_RECORDED INFORMATION_:
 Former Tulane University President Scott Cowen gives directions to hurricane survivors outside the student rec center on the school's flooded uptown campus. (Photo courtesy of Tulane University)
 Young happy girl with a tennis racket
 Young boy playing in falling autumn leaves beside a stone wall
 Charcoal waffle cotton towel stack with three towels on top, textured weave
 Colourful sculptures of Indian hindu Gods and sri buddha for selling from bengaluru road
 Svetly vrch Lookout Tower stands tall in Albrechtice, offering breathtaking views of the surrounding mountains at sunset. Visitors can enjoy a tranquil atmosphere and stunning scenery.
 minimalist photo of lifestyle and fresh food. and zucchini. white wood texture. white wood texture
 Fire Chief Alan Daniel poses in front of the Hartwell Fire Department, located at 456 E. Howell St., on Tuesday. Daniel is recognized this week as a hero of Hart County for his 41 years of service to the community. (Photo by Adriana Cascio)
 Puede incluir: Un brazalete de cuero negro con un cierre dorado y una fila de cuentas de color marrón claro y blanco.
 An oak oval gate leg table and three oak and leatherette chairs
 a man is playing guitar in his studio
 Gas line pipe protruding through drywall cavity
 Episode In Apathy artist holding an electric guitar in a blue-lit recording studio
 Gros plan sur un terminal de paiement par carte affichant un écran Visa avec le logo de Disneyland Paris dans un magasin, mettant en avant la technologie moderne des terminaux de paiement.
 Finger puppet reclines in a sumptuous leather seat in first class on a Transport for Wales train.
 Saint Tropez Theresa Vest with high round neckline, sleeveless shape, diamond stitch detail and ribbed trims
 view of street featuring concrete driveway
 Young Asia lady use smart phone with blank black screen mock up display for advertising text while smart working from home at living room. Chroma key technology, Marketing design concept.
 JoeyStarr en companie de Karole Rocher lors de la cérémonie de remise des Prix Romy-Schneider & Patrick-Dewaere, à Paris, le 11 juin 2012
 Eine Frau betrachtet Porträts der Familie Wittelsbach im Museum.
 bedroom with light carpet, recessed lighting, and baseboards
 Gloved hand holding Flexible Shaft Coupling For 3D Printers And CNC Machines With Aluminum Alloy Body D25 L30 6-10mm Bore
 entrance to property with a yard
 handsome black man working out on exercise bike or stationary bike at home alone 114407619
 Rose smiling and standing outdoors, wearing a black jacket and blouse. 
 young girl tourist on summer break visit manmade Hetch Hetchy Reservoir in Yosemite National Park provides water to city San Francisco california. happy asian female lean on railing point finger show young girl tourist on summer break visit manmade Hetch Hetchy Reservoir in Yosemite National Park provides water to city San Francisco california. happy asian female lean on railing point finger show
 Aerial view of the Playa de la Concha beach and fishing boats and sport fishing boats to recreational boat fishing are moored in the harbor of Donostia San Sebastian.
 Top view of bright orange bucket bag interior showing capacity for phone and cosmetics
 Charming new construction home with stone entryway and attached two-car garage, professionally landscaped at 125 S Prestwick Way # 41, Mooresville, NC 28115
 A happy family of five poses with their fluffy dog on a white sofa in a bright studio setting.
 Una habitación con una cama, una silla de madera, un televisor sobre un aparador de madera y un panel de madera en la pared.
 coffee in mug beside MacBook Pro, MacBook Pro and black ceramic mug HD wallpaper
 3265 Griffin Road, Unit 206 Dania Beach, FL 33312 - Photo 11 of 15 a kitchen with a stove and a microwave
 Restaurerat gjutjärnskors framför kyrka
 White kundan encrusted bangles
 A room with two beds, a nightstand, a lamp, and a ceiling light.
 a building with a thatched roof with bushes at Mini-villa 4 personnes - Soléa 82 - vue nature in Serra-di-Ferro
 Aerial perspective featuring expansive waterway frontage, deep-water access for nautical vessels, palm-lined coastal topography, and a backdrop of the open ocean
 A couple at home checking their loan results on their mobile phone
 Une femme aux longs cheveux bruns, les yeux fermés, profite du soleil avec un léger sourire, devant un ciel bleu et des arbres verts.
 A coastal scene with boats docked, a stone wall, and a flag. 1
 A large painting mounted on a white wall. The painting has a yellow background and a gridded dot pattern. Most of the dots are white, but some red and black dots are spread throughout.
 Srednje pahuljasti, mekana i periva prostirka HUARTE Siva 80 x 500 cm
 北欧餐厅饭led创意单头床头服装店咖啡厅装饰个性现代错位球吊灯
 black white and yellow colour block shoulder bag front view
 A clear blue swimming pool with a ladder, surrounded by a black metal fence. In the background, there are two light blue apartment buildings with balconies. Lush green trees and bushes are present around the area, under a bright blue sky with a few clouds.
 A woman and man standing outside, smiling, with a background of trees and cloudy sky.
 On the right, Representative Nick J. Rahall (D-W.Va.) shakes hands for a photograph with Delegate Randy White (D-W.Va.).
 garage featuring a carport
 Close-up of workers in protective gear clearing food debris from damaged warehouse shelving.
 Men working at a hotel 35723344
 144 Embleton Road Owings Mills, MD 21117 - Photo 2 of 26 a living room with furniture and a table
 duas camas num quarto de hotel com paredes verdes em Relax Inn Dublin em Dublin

_YOUR INSTRUCTIONS_: Return precisely the lines of the records, starting with the line that holds "black white and" and ending with the last one.

_SOLVED PROBLEM_:
 black white and yellow colour block shoulder bag front view
 A clear blue swimming pool with a ladder, surrounded by a black metal fence. In the background, there are two light blue apartment buildings with balconies. Lush green trees and bushes are present around the area, under a bright blue sky with a few clouds.
 A woman and man standing outside, smiling, with a background of trees and cloudy sky.
 On the right, Representative Nick J. Rahall (D-W.Va.) shakes hands for a photograph with Delegate Randy White (D-W.Va.).
 garage featuring a carport
 Close-up of workers in protective gear clearing food debris from damaged warehouse shelving.
 Men working at a hotel 35723344
 144 Embleton Road Owings Mills, MD 21117 - Photo 2 of 26 a living room with furniture and a table
 duas camas num quarto de hotel com paredes verdes em Relax Inn Dublin em Dublin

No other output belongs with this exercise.